ECLI:NL:RBDHA:2023:7622
Rechtbank Den Haag
- Eerste aanleg - enkelvoudig
- Rechtspraak.nl
Afwijzing van een verzoek om voorlopige voorziening in vreemdelingenrechtelijke zaak
In deze zaak heeft de voorzieningenrechter van de Rechtbank Den Haag op 24 mei 2023 uitspraak gedaan in een verzoek om een voorlopige voorziening. Verzoeker, wiens naam niet is vermeld, had een aanvraag ingediend voor een verblijfsvergunning regulier voor bepaalde tijd, welke door de staatssecretaris van Justitie en Veiligheid was afgewezen. Dit besluit, het primaire besluit, dateert van 14 juni 2022. Verzoeker heeft hiertegen bezwaar gemaakt en verzocht om een voorlopige voorziening. De staatssecretaris heeft op 15 augustus 2022 op het bezwaar beslist.
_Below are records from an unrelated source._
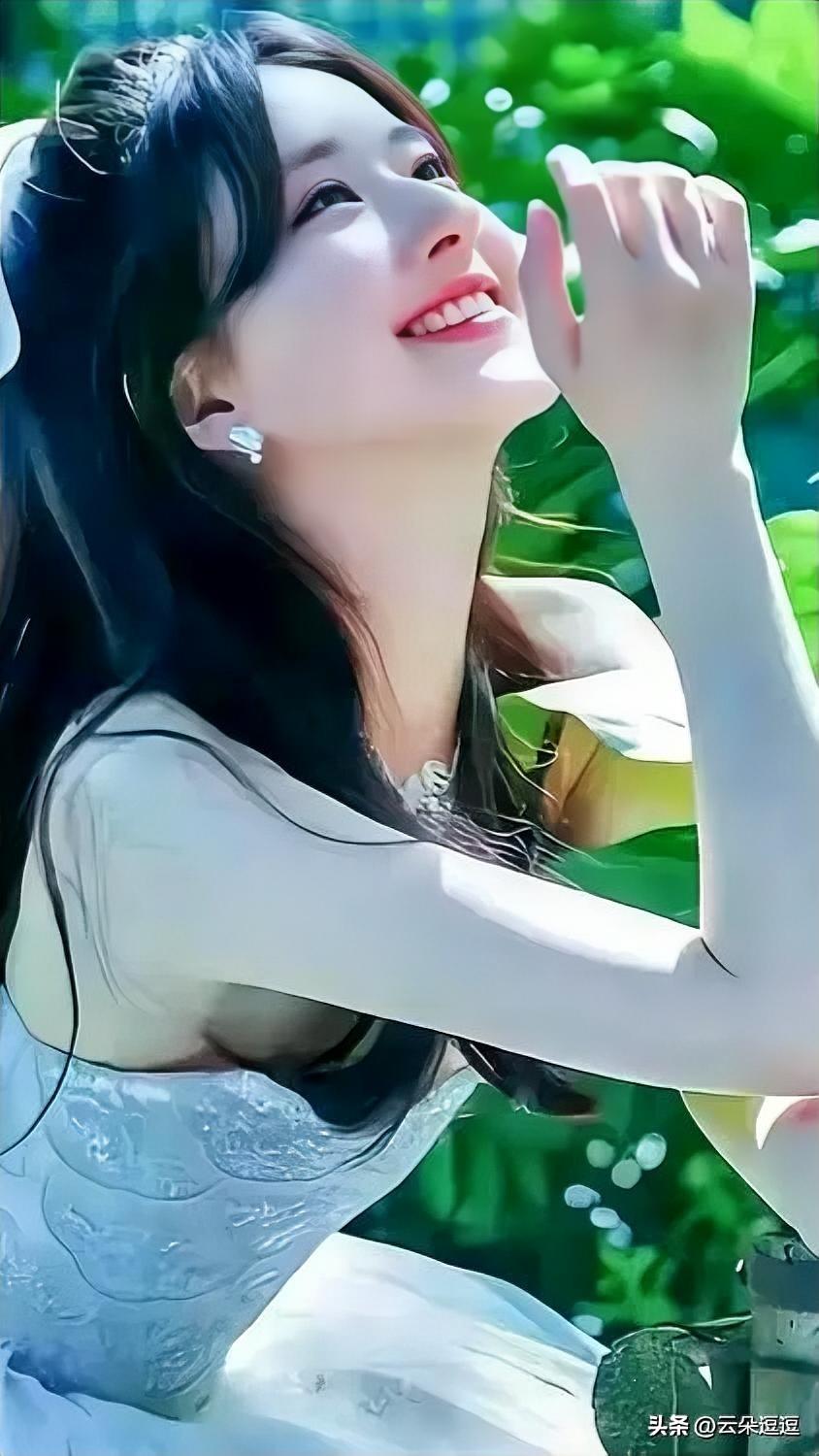 阳光下的微笑，梦幻般的美丽瞬间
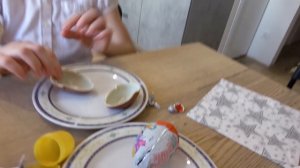 Ева учит Лизу правилам поведения для детей за столом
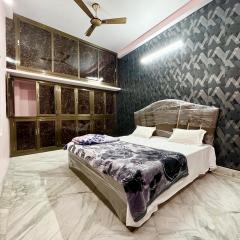 Trilok P Guest House - Dashashwamedh Ghat Near Kashi Vishwanath Temple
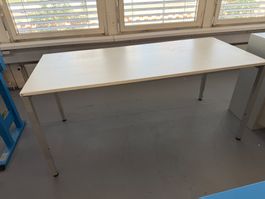 Bürotisch weiss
De voorzieningenrechter heeft de zaak zonder zitting behandeld, op basis van artikel 8:83, derde lid, van de Algemene wet bestuursrecht (Awb). In de overwegingen van de uitspraak wordt verwezen naar een eerdere uitspraak van dezelfde rechtbank in een andere zaak (AWB 22/5632), waarin op het beroep is beslist. Gezien deze eerdere uitspraak wordt het verzoek om een voorlopige voorziening als kennelijk ongegrond afgewezen. Tevens is er geen aanleiding voor een proceskostenveroordeling.
De uitspraak is gedaan door mr. E.F. Bethlehem, de voorzieningenrechter, en mr. S.C. Spruijt fungeerde als griffier. De uitspraak is openbaar gemaakt via een geanonimiseerde publicatie op de website van de rechtspraak. Tegen deze uitspraak staat geen rechtsmiddel open.